Изменить размер шрифта - +

     - Но может, это как раз и является доказательством того, что нам нечего опасаться этих людей? Уж коли отец Массера пришел бы к выводу, что эти люди внушают подозрение, он сказал бы нам об этом, противопоставил бы свои соображения тому единому мнению, которое начинает складываться у нас.
     - Кто знает, может, вы и правы! Но не исключено и другое: может, он просто считает, что не властен здесь, что мы все равно его не послушаем, уже подчиненные влиянию нашей хозяйки? Возможно, он ждет, когда мы вернемся в Квебек, чтобы поджечь брандер, который мы будем там наивно держать в укрытии, и заявить, что дело пахнет порохом, проклятием и, дабы не погибнуть самим и не погубить католичество в Канаде, мы должны истребить всех этих преступников до последнего. Тогда мы будем выглядеть поистине смешными, если не виновными. Иезуиты же выступят в роли спасителей, а отец д’Оржеваль - в роли святого архангела Михаила.
     Лицо графа де Ломени снова омрачила тень сомнения.
     - Но как все-таки можно точно определить, является кто-то демоном или колдуном, если внешне он ничем не отличается от других? - с озабоченным видом заговорил он. - Она очень красива, это правда, ее красота может даже показаться подозрительной хотя бы тем, что она... столь необычна. Но разве красота когда-нибудь бывает обычной?
     - Ведьмы никогда не плачут, - сказал барон д'Арребу. - Вы видели ее плачущей?
     - Нет, - проговорил мальтийский рыцарь, невольно захваченный, взволнованный образом, который возник в его воображении. - Но может, мне просто не пришлось при этом присутствовать.
     - Говорят также, что, если ведьму бросить в воду, она всплывает. Но ведь нам трудно подвергнуть такого рода испытанию госпожу де Пейрак.
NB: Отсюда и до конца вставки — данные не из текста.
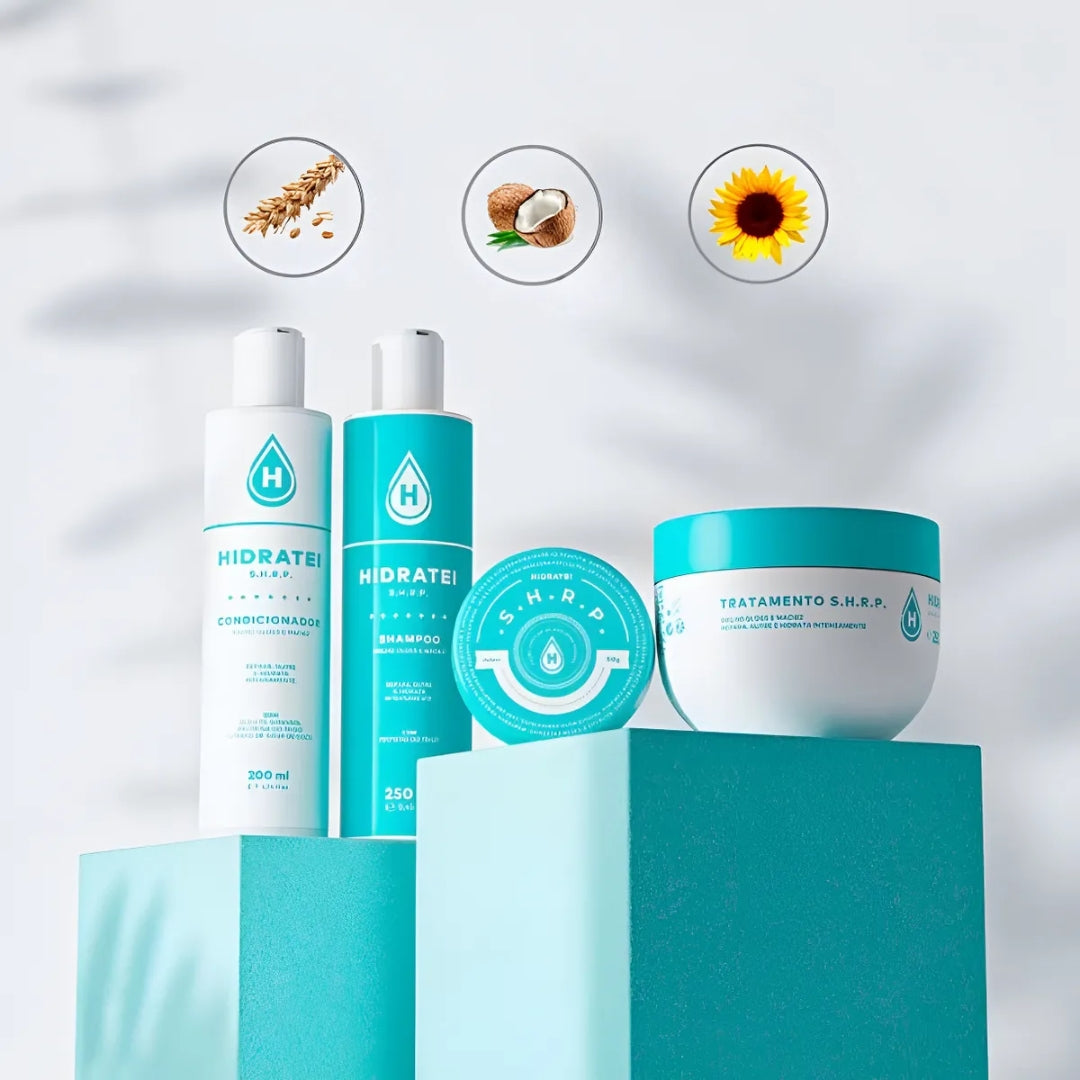 SHRP Home Care Shine Hydration Daily Treatment Kit Hidratei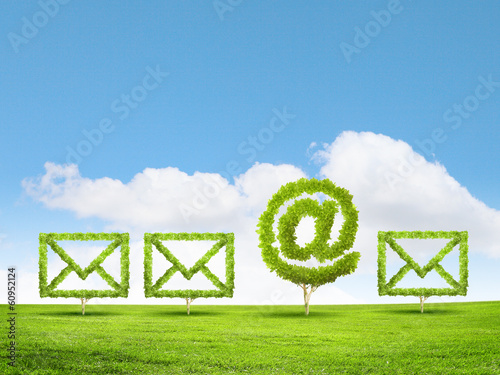 Email concept
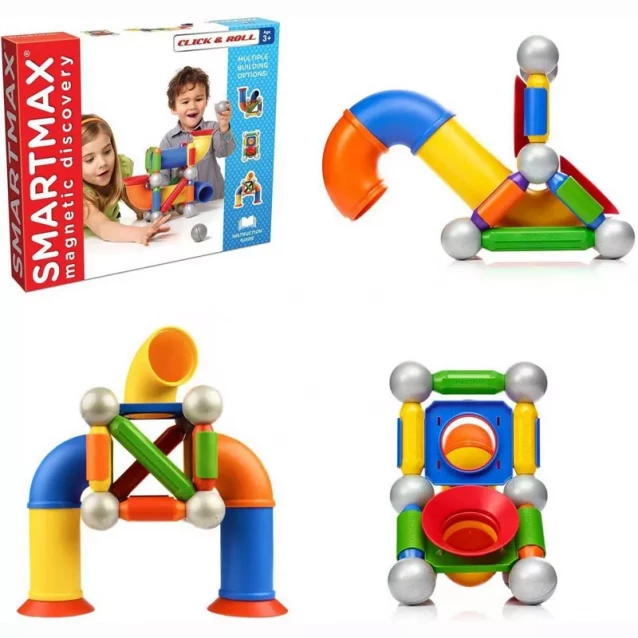 SMART MAX Игровой набор для конструирования Погоня шаров - 2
     С тревожной улыбкой на лице он походил немного окрест.
     - Воды нет, все замерзло, - пробормотал он, вернувшись.
     Граф де Ломени с изумлением смотрел на него. Он никогда не видел барона в таком мрачном настроении.
     Д'Арребу попросил графа извинить его: суровый климат и волнения ожесточили его. Он воспользуется хорошей погодой, чтобы пройтись.
     Ломени сказал, что вернется в дом помолиться и попросить у Бога совета.
     Барон направился к озеру.
     Он шел с трудом, потому что за палисад форта можно было выйти, лишь миновав сложную, словно кротовые ходы, сеть оледенелых проходов, узких тропинок, выкопанных в снегу с помощью лопаты или заступа, которые вели к застывшему водоему, к вигваму Маколле, к мастерской, к конюшне, к стрельбищу и площадке для игр или же просто в никуда, то есть в сторону неприступного леса.
     Скользя и оступаясь, главный синдик Квебека кое-как добрался до озера. Когда снежный наст был довольно твердый, вдоль берега можно было идти и в такие ясные и безветренные, как сегодня, дни обитатели Вапассу неторопливым шагом прогуливались, наслаждаясь солнышком, по этой едва заметной тропке, ведущей, казалось, куда-то далеко-далеко, в неведомые дали, а потом, наткнувшись на другом конце озера на глухую стену сугробов, возвращались в форт. Дойдя до этой преграды, барон задумался, оглядывая место, где его чудом вырвали из лап смерти. Ему припомнилось ощущение покорного безразличия, охватившее его в тот момент, когда он, вконец обессилев, опустился в снег, ощущение холода и ночи, которые давили ему на грудь, словно каменная плита, и он подумал тогда: пусть только все произойдет быстро! Последним, что осталось в его памяти, было какое-то жжение на скулах, и тогда он понял, что это снег падает на его лицо и что оно, уже застывшее в ледяной маске, никогда больше не изменит своего выражения.